Tengo fede dunque all’originario proposito e a partire da oggi vi propongo il primo contributo:

“Riferendoci a Kant, se ognuno di noi, prima di agire, pensasse alla valenza universale delle proprie azioni, il risultato sarebbe positivo in termini di costruzione di un futuro per tutti. E’ necessario  quindi conoscersi e riconoscere i propri limiti anche per evitare di  spingersi oltre le capacità personali rivestendo incarichi che non si è in grado di ricoprire.

Sfugge probabilmente questo concetto a tutti quegli individui che si avvalgono di “raccomandazioni” per raggiungere obiettivi che altrimenti sarebbero inavvicinabili. Qualunque individuo che non rispetti il prossimo, s’imponga sugli altri, non rispetti le leggi e agisca solo per il proprio bene è un ladro di futuro. Solo con un cambiamento di mentalità individuale si può  creare un benessere globale.

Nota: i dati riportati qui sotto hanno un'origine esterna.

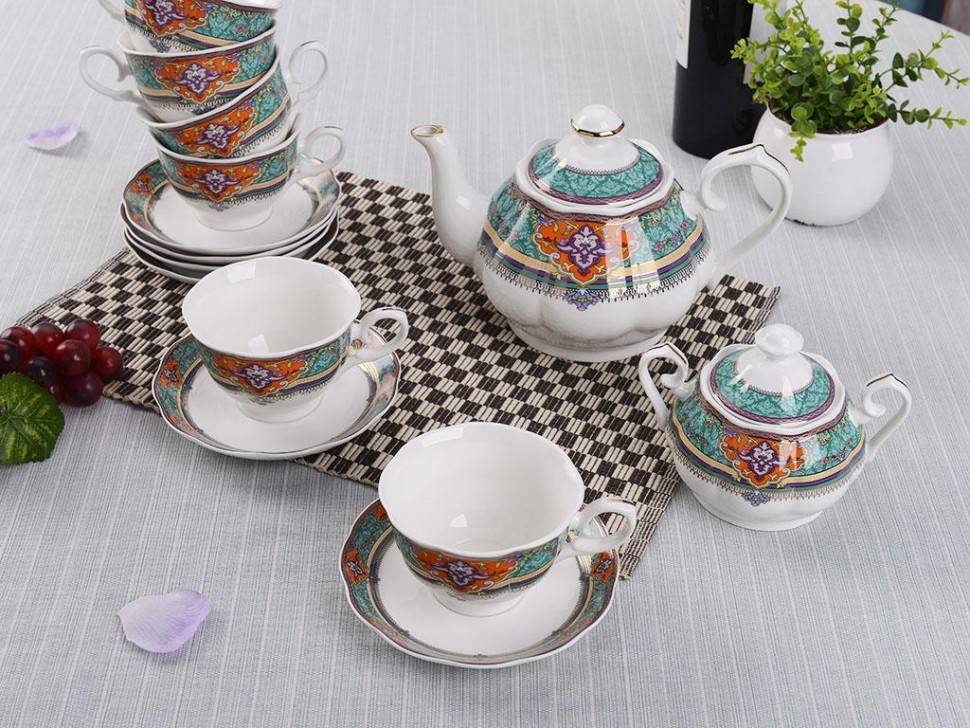 Чайный сервиз 14 пр."Изумруд" в ПУ (чашка 220 мл) 21-1001 фото 1 &mdash; Egidius.ru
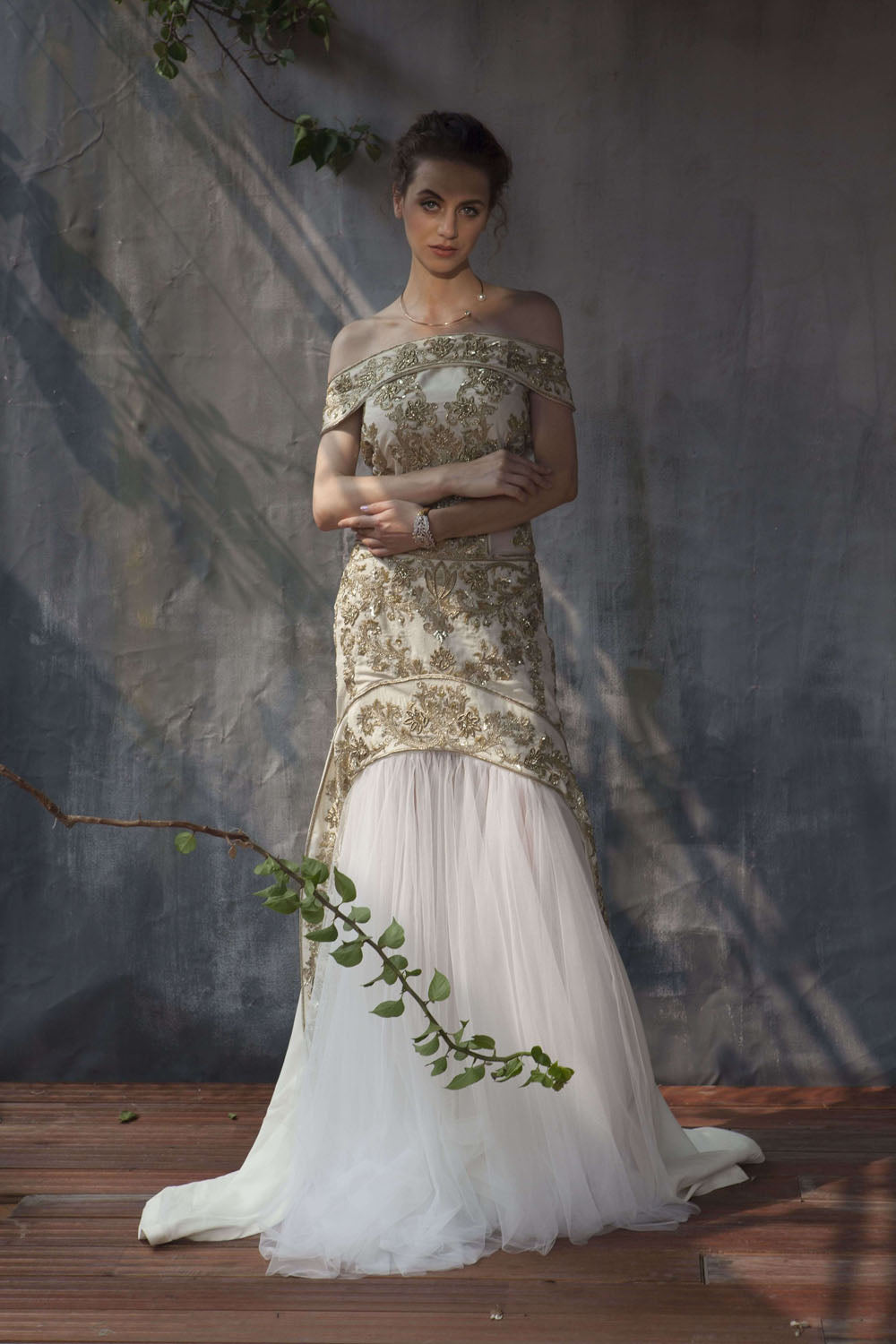 Ivory zardozi embroidery off shoulder gown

È semplice muovere critiche e formulare giudizi sul prossimo, ed è ancora più facile elogiare se stessi, ma è molto difficile per la maggior parte giudicare oggettivamente se stessi, auto criticarsi, e riconoscere i propri errori per evitare di incontrarli di nuovo nel proprio cammino.

Chi pensa che la storia si ripeta, che comunque qualcuno s’imporrà sempre sull’altro, non sa in realtà riconoscere che tutto può cambiare con la determinazione. L’uguaglianza può esistere se l’uomo ha cura di sé come “specie” prima ancora che come individuo.

L’assenza di futuro è una “questione emergenziale”, un problema che la generazione “in ritardo” ha il compito di affrontare, mettendo da parte rivendicazioni contro la generazione precedente e ponendo in essere tutte quelle competenze spendibili che l’Europa chiede  e che si spera riesca ad offrire in termini di azioni comunitarie e di investimenti nel sistema scuola”.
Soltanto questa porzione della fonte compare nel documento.